So I did some Googling. A search for "mulled beer" returned half a million results, but a recipe highlighted by Bon Appetit caught my attention. It came from an 1891 bartending guide and basically sounded like a hot toddy made with beer:
Dissolve a spoonful of bar sugar in a little hot water in a mug, fill the mug with ale, grate nutmeg over the top and serve.
As I tend to do -- often with questionable results -- I improvised on the recipe. Instead of sugar, I used honey, and instead of nutmeg, I used cinnamon. I also added lemon because hot toddy. Since "ale" is such a broad class of beers, I also decided to get a mixed six-pack and experiment on my coworkers. The results were questionable, but amazingly, two of the mulled malt cocktails turned out to be pretty damn delicious. Here's the breakdown, in some specific order.
Einstöck Icelandic White Ale
Hot damn, this was good. I'd read that steamy brews taste better when they're made with a wheat beer or a white ale. This almost white-chocolatey ale from Iceland is delicious cold and downright heart-warming when hot. The lemon really brought out the citrus flavours, and it was the only hot beer that the Gizmodo staff universally enjoyed.
LOL. This was supposed to be the joke entry, but it was f**king fantastic. The watery soda beer ended up tasting a bit like hot apple cider with a curious malty finish. Seriously, amazing if you're on a hot beer budget.
Two Roads Ol'Factory Pils
This is where things get iffy. Long story short, the hoppy taste that gives beer a pleasant punch when it's cold basically tastes like shit when it's hot. The sweet aromas from the honey and lemon make for good sniffing, but once you toss it back, there's a bitter aftermath. The Two Roads wasn't too bad. But it wasn't too good either.

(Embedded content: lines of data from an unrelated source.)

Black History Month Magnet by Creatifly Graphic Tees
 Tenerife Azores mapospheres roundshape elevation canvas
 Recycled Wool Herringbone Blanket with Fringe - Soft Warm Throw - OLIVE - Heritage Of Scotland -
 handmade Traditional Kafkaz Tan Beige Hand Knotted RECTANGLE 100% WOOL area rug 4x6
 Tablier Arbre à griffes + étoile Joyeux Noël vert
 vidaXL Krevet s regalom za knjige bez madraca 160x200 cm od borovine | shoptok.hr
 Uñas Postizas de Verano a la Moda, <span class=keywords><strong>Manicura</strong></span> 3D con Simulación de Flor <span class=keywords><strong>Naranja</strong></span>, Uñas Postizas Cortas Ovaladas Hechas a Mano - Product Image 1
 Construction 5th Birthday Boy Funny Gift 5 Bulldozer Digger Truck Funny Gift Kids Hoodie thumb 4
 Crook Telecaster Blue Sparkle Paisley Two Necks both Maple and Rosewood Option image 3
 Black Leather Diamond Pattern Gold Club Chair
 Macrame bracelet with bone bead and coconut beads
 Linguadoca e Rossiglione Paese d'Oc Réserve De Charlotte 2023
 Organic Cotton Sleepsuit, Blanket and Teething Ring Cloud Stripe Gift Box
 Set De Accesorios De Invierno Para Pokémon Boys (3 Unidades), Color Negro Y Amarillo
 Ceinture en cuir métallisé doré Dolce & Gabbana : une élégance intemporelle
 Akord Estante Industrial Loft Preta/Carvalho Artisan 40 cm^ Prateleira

Firestone Double Jack Double IPA
This elegant double IPA was perhaps the most interesting warm beer cocktail -- not necessarily in a delicious way, though. The complexity of the brew really made this a head scratcher, but nobody at Gizmodo could stomach more than a sip. This is the thinking man's or woman's hot beer.
Coopers Brewery Sparkling Ale
Australia's fancy Budweiser wannabe didn't taste so hot, literally. It tasted so barfy. So gross. So sad.
Brooklyn Brewery Black Chocolate Stout
Nope. If you asked me what melted car tires covered in dog turds tasted like, I'd guess it tasted like Brooklyn Brewery's Black Chocolate Stout heated up and mixed into some super weird hot beer cocktail. Brew toddies are a fun party trick, but not with this beer.